(Task goal) In the entries below, every line that contains "Boulevard" must be located and copied.

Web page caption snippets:
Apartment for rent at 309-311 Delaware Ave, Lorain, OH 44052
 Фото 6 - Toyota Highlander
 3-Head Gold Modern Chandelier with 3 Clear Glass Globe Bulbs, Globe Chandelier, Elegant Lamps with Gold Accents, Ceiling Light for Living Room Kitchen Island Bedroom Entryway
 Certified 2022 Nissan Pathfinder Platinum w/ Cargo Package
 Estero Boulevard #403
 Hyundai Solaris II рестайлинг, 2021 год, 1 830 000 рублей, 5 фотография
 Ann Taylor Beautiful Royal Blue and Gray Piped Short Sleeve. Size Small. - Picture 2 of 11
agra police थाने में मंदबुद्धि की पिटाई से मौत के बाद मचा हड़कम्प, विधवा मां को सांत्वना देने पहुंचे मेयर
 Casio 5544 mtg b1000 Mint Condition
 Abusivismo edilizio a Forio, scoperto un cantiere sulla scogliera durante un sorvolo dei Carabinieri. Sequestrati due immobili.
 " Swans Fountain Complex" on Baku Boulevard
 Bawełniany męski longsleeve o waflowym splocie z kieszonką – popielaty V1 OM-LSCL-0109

(Output of the task)
 Estero Boulevard #403
 " Swans Fountain Complex" on Baku Boulevard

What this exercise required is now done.